Thursday, July 9, 2009

dramatic

dramatic--having the inherent suggestion and quality of story; implicit content of elements that produce conflict, interaction, goal search, revelation and reversal; a narrative that contains one or more characters in pursuit of an agenda or embarking on an internal or geographical journey; a quest which will involve reversal, frustration, and competitive exterior forces.

A successful dramatic narrative reflects the goals and intent of characters set against the counterpoint of the writer's personal goals at the time of writing. Thus stories may reflect an attitude of cynicism, pragmatism, sadness, bitterness, expansive optimism, and transcendental anticipation. Differing readerships will be particularly drawn to one of these qualities or perhaps even a combination of them. You might liken the physics concept of water, seeking to find its original level, to the literary concept of story: readers seek to find their target level. One thing all stories have in common is a voice or governing personality. It properly should be the goal of the writer to seek its own level, which becomes the pressures informing the voice, timbre, and intensity of its persona.

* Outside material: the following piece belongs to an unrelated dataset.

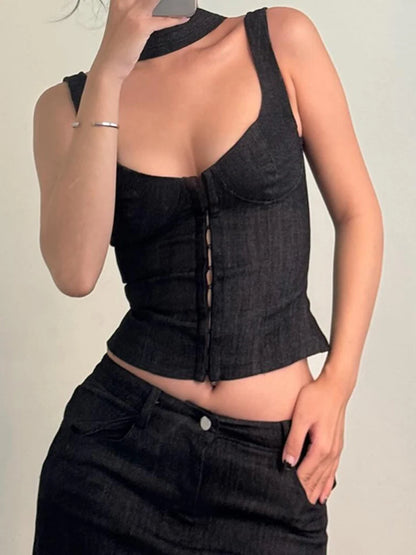 fashion Sexy Deep V-neck Hook Camisole Sleeveless All-match Slim Bodycon Chic Cropped Top Streetwear Lace-up Hottie Outfit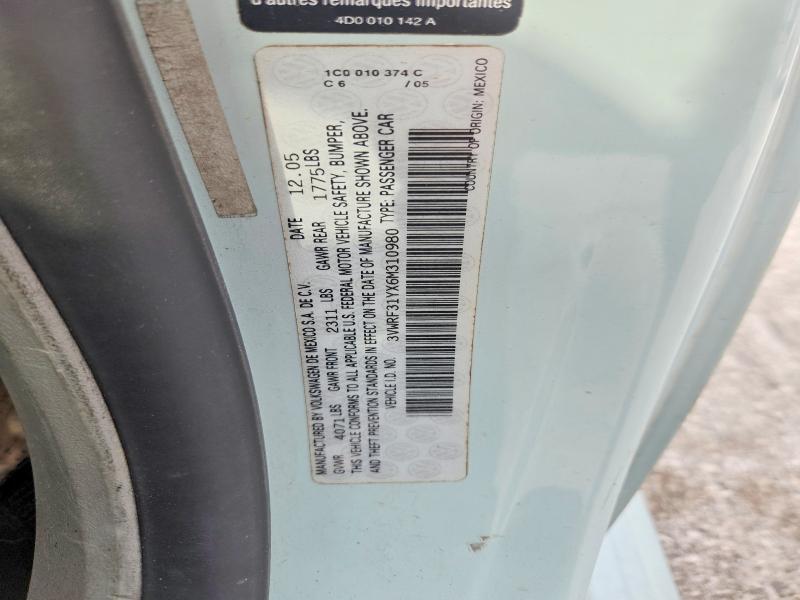 2006 Volkswagen New Beetle მანქანა იყიდება აუქციონზე, vin: 3VWRF31YX6M310980, აუქციონის ნომერი: 50347936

On a basic level, to say of a work that it is dramatic is to say of it that it is act-able, performable, readable. On a more nuanced level, to say of a work that it is dramatic implies that the work has skillfully designed ventures of men and women engaged in dealings with the enormous varieties present in life. If these dealings appear piled on or contrived, the landscape in which they appear may be spoken of as melodramatic, exaggerated, even operatic. Thus does balance come into the equation of which dramatic is an integral part.